Der hartnäckig gehämmerte kleine Terzfall aus dem „Precipitato“ in Prokofjews siebter Klaviersonate war geeignet, den Hörer bis nach Hause und womöglich in den Schlaf zu verfolgen – mehr noch als die zweite Zugabe, Liszts überbordende, sich freilich in seliger Hauptstimmendominanz ergehende „Chasse neige“. Besagte Terz ist halt kein netter Kuckucksruf, sondern ein permanenter Stachel an der Schmerzgrenze, eine Klang gewordene Bedrängung und Bedrohung. So muss man sie freilich auch spielen, und die Kölner, in Moskau geborene Pianistin Olga Scheps ist dafür – wie sie jetzt anlässlich ihres gefeierten Klavierabends in der Philharmonie bewies – genau die richtige. Wenn der Flügel bei diesem Martellato nicht geschont wird, dann hat das schon seine Richtigkeit, preiswerter ist dieses unheimliche Stück nicht zu haben. Scheps macht da keine Kompromisse.

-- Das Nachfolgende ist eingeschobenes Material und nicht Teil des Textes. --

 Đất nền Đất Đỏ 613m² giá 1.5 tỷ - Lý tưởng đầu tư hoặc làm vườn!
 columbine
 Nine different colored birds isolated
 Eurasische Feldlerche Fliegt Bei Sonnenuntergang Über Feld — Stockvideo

Olga Scheps hatte das Konzert nicht gerade himmelstürmend begonnen

Das Konzert hatte mit Beethovens „Pathétique“ und seiner späten As-Dur-Sonate opus 110 nicht schlecht – Scheps spielt nie „schlecht“ –, aber auch nicht gerade himmelstürmend begonnen. Die Feststellung, dass die Rahmensätze der frühen Sonate etwas pauschal, gleichsam ohne Punkt und Komma abgefertigt wurden, klänge ihrerseits pauschal, würde sie nicht im Detail begründet. Da gibt es zum Beispiel in der Einleitung, von Scheps zunächst sehr angemessen als tragisches Portal hingestellt, im fünften Takt ein Bass-B, das die Modulation von c-Moll zur Dur-Parallelen Es anzeigt. Das ist eine echte Schaltstelle, die der Komponist durch ein Sforzato hervorhebt. War das bei Scheps etwa so zu hören?

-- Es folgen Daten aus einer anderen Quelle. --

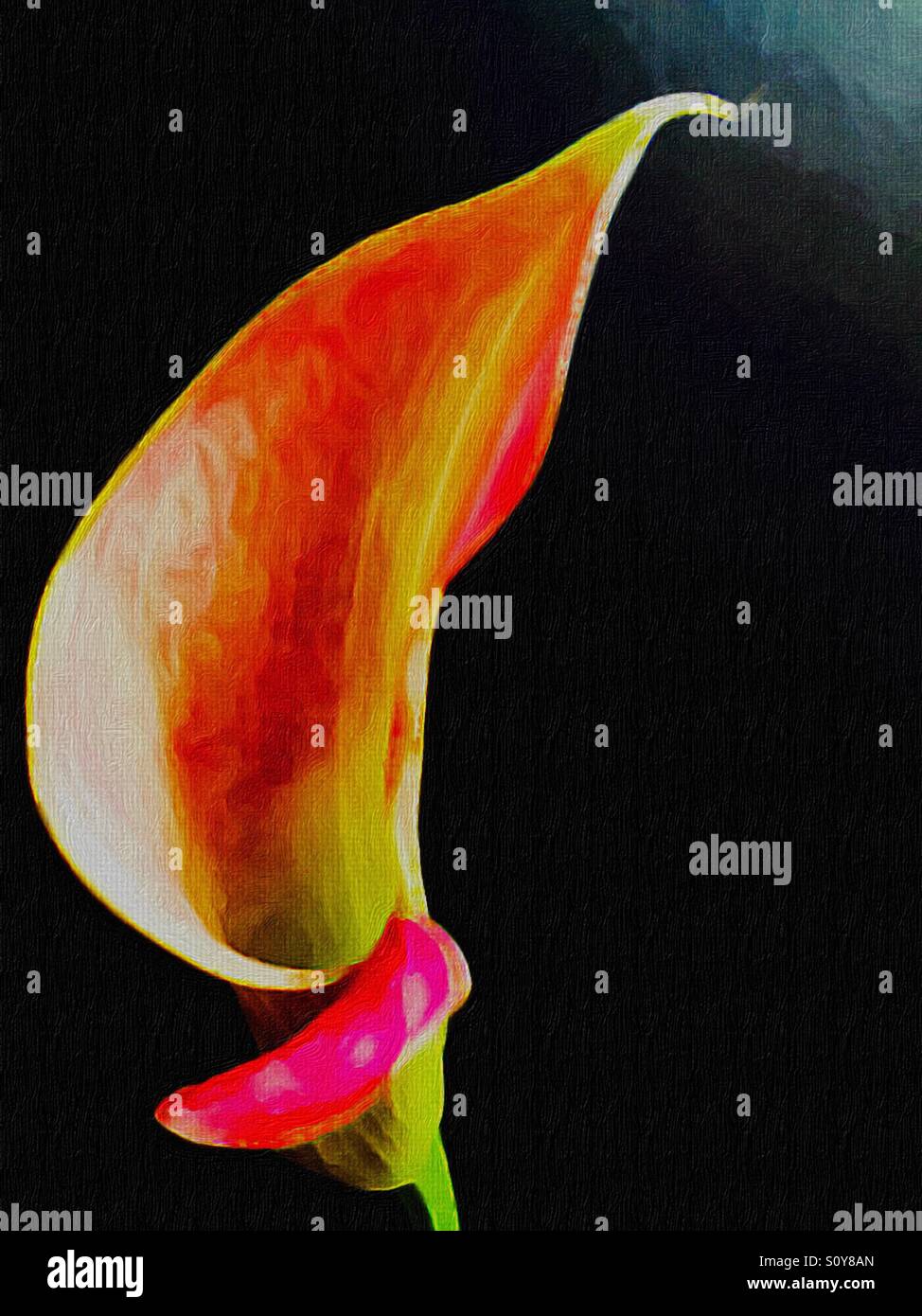 Painted Calla lily on a black background. Nature’s beauty embellished by an artist’s imagination. Inspiring rendition. Bold brushstrokes. Stock Photo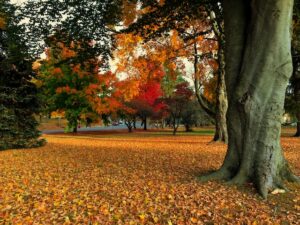 芝公園の紅葉２０２２の見ごろのイメージ画像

In opus 110 wiederum realisierte sie den gigantischen Bau der finalen Fuge mit adäquatem Architektur-, mit konsequentem und nie einbrechendem Steigerungswillen. Aber der vorangehende „Klagende Gesang“, den die Fuge dann sozusagen ins Aufbauend-Positive wendet – er blieb emotional und gestisch unterbelichtet.

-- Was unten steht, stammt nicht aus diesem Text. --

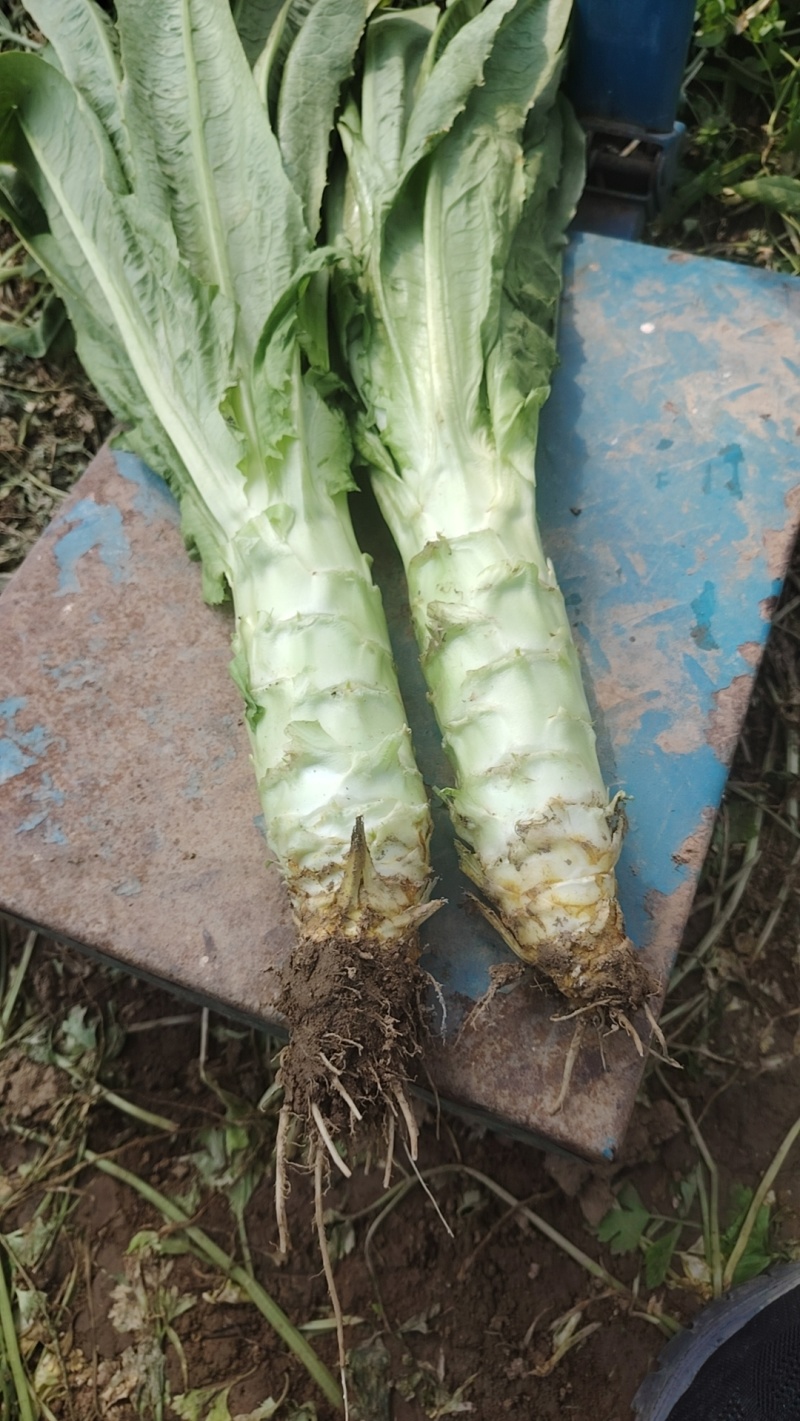 陆地货莴苣大量上市有需要的老板和我联系电商货市场货都有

Olga Scheps zählt zu den inspirierten Chopin-Interpreten der Gegenwart

In der zweiten Hälfte des Abends änderte sich dann mit den vier Chopin-Balladen das Bild grundsätzlich. Olga Scheps zählt, dieser Eindruck festigte sich wieder einmal, zu den inspirierten, nicht nur mit pianistischer Souveränität, sondern auch mit reifstem Verständnis gesegneten Chopin-Interpreten der Gegenwart – woran auch ein Beinahe-Schmiss beim Auswendigspiel nichts ändert.

Die erste, die berühmte g-Moll-Ballade, setzt de facto eine Menschentragödie zwischen Triumph und Katastrophe um, der Gipfelglanz ruft, wie es scheint, notwendig den Untergang herbei. Den Triumph bezeichnet das herrliche Wallenrod-Thema, das Scheps mit strömendem Atem, dabei drängend und bebend, in fortschreitend apotheotischer Auftürmung hinstellte. Umso drastischer und schmerzhafter klang dann das „Abbiegen“ in das finale Desaster. Scheps bewies sich auch hier als Meisterin in der zwingenden dramaturgischen Durchdringung der großen Form, die das Detail nicht unterschlägt, aber schlüssig integriert. Dieser Chopin klingt auch keinen Augenblick sentimental oder angekränkelt, da gibt es harte Wucht und imperialen Glanz, da dominiert die Grandezza des großen Ereignisses, der suggestiv umgesetzten Szene.

Ähnlich bezwingend, indes sehr unterschiedlich in den Farben und Stimmungen, ging es weiter, mit den repetitiven Naturklängen des zweiten, dem herzlichen Walzer-Charme der dritten Ballade. Und Scheps donnert keineswegs durchgehend, sie verfügt allemal über ein substanzreiches, erfülltes piano. Das Geheimnis ihres Crescendo besteht darin, dass der Flügelklang auf einmal laut ist, ohne dass der Hörer den Weg dorthin als Stationenfolge hätte nachvollziehen können. Da wird große Kunst wieder zu zweiter Natur.

Am Schluss filmte Scheps ihr zu Recht jubelndes Publikum mit dem Smartphone. Eine bemerkenswerte „Schubumkehr“, die indes keiner weiteren Rechtfertigung bedarf: Die Hörer dürfen – mit guten Gründen – den Künstler auf dem Podium nicht fotografieren, hinsichtlich der Gegenrichtung sind plausible Einwände nicht erkennbar.